So his perspective that prices of central London commercial property — dominated by the City office market but including a handful of prime retail sites — look to be bottoming out after 10 months of savage falls is reassuring.
Buyers are at last queueing up, led by German funds enriched by the strong euro, but supported by an increasing number of "vulture funds".
The problem is that vendors are still thin on the ground now that most UK property funds have stemmed their redemptions and are no longer forced sellers. Wait a few months however and it is likely that volumes will begin to return to normal quarterly levels.
Prices of prime central London offices have fallen about 25 per cent since the peak reached last summer. New buildings let on long leases and to blue chip tenants in the West End and the City and are now starting to change hands on yields of between 5.25 per cent and 5.5 per cent compared with yields as low as 4 per cent to 4.25 per cent between March and June last year. Once the price of debt starts to come down, an initial yield of 5.5 per cent will quickly look attractive to UK pension funds looking for long term returns to match their liabilities.
Prices of secondary commercial property in the regions still has some way to fall, Mr Helsby predicts. Banks may start turning the screw on highly leveraged private investors that bought up Britain's older provincial shopping centres and tired high street shops over the past two years for them to become forced sellers.
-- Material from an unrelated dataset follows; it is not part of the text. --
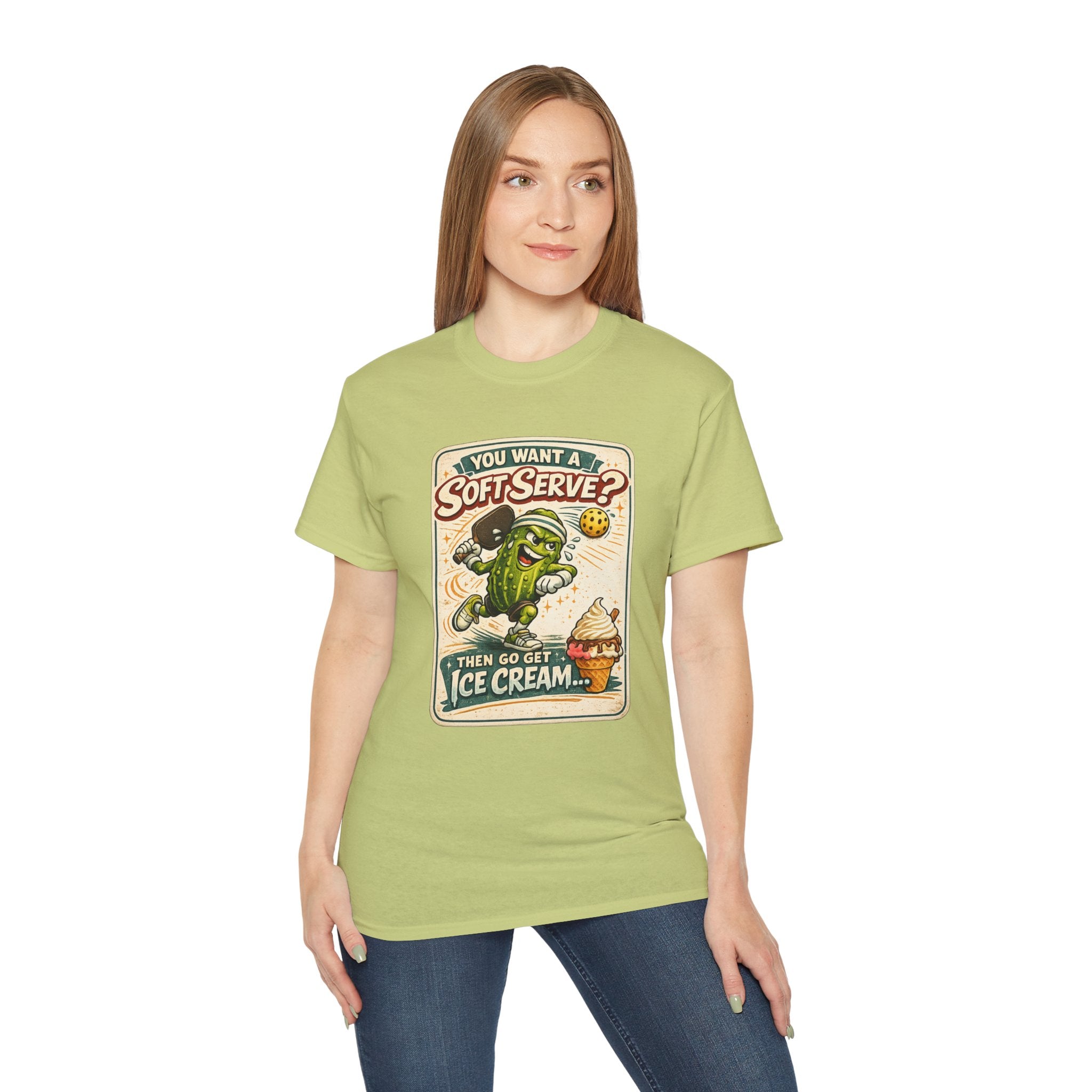 T-Shirt — “You Want a Soft-Serve? Then Go Get Ice Cream” Vintage Pickleball Design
On residential, Savills’s volumes in London are down about 40 per cent so far this year. But again once sufficient numbers of sellers in London start pushing prices down to meet buyers’ expectations, volumes should return. Potential City job losses aside, the fundamental long-term demand for living and working in the capital is undiminished.
Savills shares today moved up 11.75p today to 280p as investors began to buy into this theory, aware that as soon as transaction volumes increase, Savills will prosper. The price of property is important but not nearly as influential on the fortunes of Savills as the volume of deals its agents handle.
Savills' shares have fallen from a high of 700p, hit exactly a year ago, meaning its fall from grace has been far harder than the demise of the quoted commercial property sector it serves.
Investors should note that last year commercial property transactions accounted for 35 per cent of group profits and residential transactions 20 per cent. Of the remainder 26 per cent came from consultancy, 10 per cent from property management and 5 per cent each from financial services and fund management. Business from this part of the business — 45 per cent of last year's group earnings — has been largely unaffected by the credit crunch.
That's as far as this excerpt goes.